> [To do]:
Leave the images aside and repeat the whole listing exactly.

> [Data section]:

● ● ● ● ● ● ●

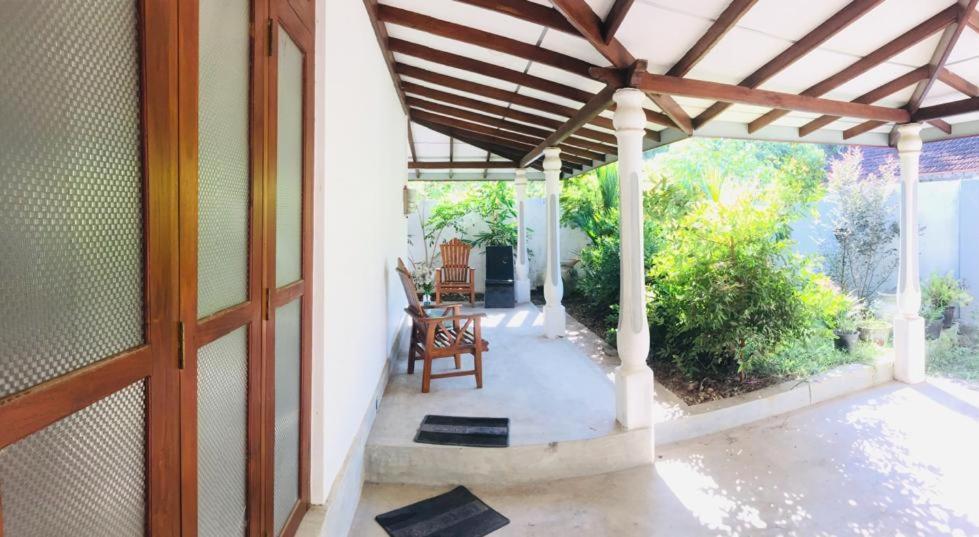 Villa Ceylon Home Унаватуна Экстерьер фото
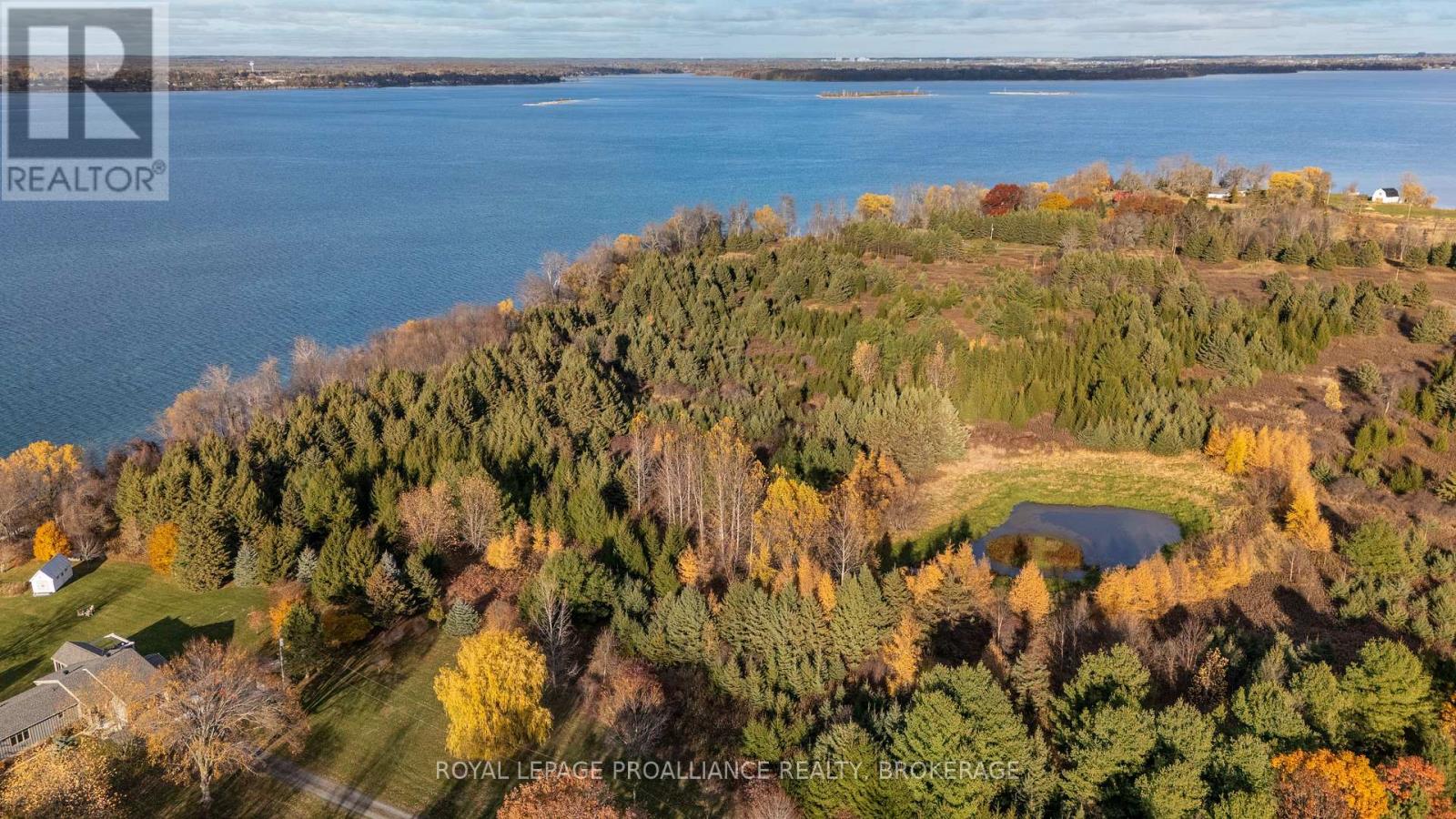 Pt Lt 18-19 Front Road, Frontenac Islands, Ontario K0H 2S0 - Photo 12 - X12629608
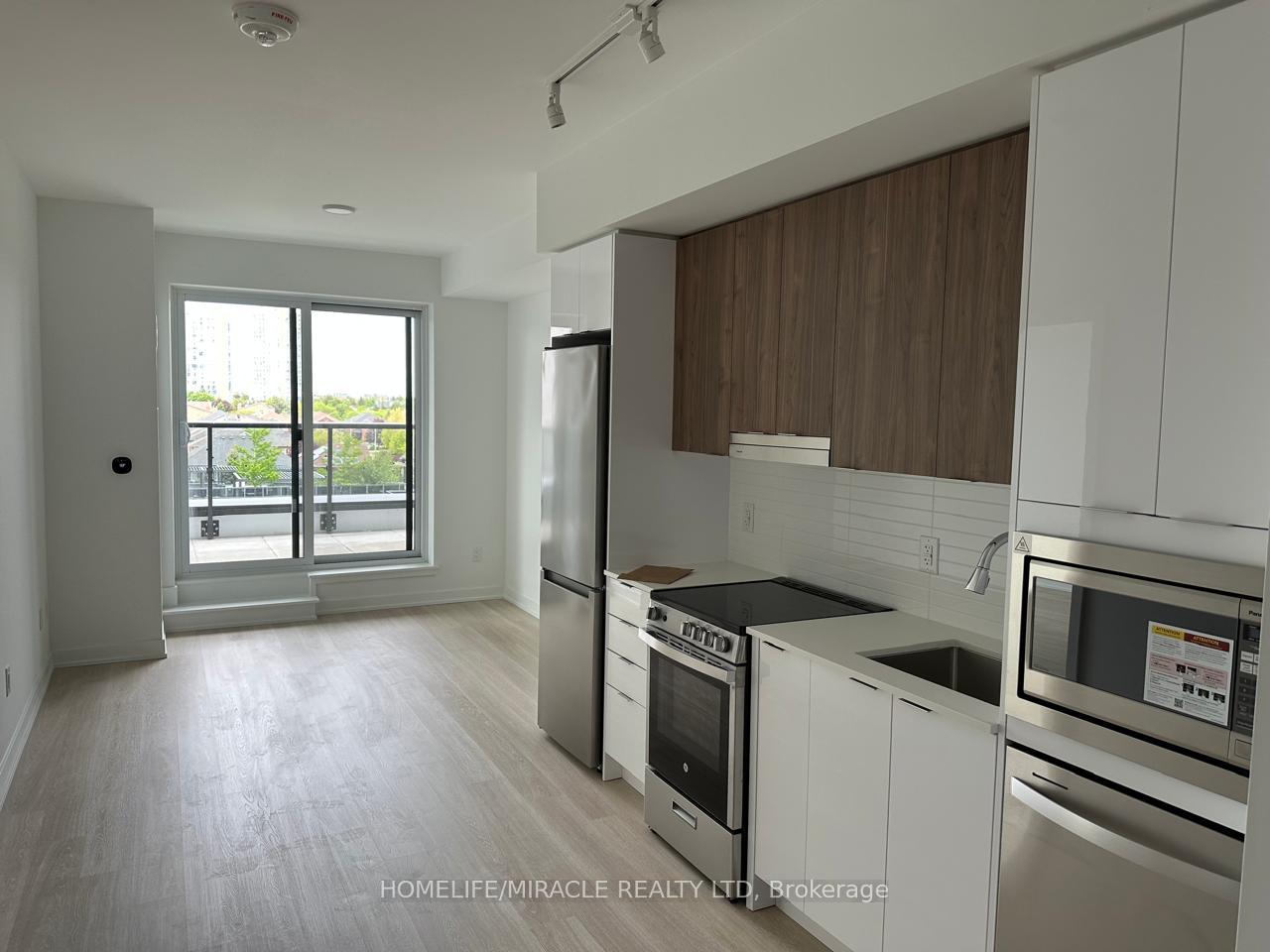 5105-hurontario-street-mississauga-ontario-w13122728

● ● ● ● ● ● ●

> [Solution for this problem]:
 Villa Ceylon Home Унаватуна Экстерьер фото
 Pt Lt 18-19 Front Road, Frontenac Islands, Ontario K0H 2S0 - Photo 12 - X12629608
 5105-hurontario-street-mississauga-ontario-w13122728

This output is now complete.